Drummond had multiple affairs including with Blakely’s former colleague at Google, she said, but he discouraged Blakely from discussing it. “David was (and is) a powerful executive. His ‘personal life’ was off-limits and since I was no longer his ‘personal life’ it was time for me to shut up, fall in line and stop bothering him with the nuisances or demands of raising a child.”

Years later, when the #MeToo Movement began, Blakely said she was contacted by reporters.

“For me, the abuse of power didn’t stop with being pushed out,” Blakely said. “Afterwards I was pushed down, lest I got in the way of the behavior that had become even more oppressive and entitled. Until truth is willing to speak to power and is heard, there’s not going to be the sea change necessary to bring equality to the workplace.”

In a personal statement obtained by BuzzFeed, Drummond said “it’s not a secret” that he and Blakely had “a difficult break-up 10 years ago.” He said he “regrets” his part in that breakup.

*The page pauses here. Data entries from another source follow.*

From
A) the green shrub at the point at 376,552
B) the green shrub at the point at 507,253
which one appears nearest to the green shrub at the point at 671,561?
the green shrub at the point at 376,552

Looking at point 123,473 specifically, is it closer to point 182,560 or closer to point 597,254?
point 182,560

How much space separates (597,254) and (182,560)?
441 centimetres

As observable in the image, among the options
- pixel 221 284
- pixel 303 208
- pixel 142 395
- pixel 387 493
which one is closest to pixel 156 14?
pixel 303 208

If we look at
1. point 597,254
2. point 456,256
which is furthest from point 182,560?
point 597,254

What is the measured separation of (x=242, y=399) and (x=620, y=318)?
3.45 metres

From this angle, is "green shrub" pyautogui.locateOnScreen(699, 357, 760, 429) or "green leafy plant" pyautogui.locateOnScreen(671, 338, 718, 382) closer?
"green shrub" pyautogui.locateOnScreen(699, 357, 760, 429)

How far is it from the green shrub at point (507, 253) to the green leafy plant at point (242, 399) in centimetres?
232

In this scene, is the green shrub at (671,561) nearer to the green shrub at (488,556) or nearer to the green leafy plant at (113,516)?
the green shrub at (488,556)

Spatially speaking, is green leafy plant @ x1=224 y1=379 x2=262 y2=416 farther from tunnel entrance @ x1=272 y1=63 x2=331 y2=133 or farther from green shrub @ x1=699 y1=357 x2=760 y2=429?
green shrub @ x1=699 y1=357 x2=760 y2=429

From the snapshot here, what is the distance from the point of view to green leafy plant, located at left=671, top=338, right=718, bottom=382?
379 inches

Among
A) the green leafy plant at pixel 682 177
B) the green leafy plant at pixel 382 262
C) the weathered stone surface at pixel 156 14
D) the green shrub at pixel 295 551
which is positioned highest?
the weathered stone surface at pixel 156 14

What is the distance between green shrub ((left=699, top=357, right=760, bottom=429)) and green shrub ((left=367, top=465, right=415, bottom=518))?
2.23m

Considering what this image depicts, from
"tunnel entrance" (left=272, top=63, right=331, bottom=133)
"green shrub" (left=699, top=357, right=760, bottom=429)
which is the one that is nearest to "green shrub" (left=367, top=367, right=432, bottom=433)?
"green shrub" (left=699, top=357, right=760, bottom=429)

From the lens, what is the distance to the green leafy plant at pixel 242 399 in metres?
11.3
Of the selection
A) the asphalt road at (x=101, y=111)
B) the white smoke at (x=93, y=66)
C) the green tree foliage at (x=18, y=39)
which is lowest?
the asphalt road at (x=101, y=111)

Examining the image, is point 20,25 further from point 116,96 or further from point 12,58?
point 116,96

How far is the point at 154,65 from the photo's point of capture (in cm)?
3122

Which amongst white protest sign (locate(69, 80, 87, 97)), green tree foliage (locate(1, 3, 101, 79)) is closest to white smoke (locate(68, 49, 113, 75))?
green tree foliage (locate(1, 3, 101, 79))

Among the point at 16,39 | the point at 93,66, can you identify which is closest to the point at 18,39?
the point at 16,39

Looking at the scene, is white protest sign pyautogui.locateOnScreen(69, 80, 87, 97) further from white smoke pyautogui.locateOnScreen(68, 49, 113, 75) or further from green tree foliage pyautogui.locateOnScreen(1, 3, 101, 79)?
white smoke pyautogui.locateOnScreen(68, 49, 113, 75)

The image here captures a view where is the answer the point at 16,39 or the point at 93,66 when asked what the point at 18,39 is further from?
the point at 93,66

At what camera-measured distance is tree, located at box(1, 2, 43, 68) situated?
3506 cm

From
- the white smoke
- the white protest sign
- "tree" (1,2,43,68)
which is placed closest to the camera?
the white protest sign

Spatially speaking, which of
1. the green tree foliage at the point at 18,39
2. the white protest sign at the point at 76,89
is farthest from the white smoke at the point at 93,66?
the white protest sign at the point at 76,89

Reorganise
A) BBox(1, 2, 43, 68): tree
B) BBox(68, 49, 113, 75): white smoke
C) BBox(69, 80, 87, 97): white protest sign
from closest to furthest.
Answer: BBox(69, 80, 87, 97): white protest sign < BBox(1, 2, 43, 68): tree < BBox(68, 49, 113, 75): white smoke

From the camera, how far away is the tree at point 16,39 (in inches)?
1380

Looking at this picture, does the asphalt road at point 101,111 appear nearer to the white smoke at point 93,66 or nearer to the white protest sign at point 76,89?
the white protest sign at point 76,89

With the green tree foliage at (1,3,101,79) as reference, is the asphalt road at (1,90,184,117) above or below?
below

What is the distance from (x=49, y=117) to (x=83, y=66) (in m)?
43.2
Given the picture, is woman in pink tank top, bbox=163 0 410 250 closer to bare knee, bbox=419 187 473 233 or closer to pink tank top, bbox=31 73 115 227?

He also insistes that “Other than Jennifer, I never started a relationship with anyone else who was working at Google or Alphabet. Any suggestion otherwise is simply untrue.”

This past weekend, Drummond “got married to someone who once worked in his legal department at Google, per multiple sources and a LinkedIn profile timeline,” Axios reported. “The woman … left Google for around three years, which is when Drummond tells people they began dating. She later returned to Google’s legal department, by which point Drummond was technically with Alphabet.”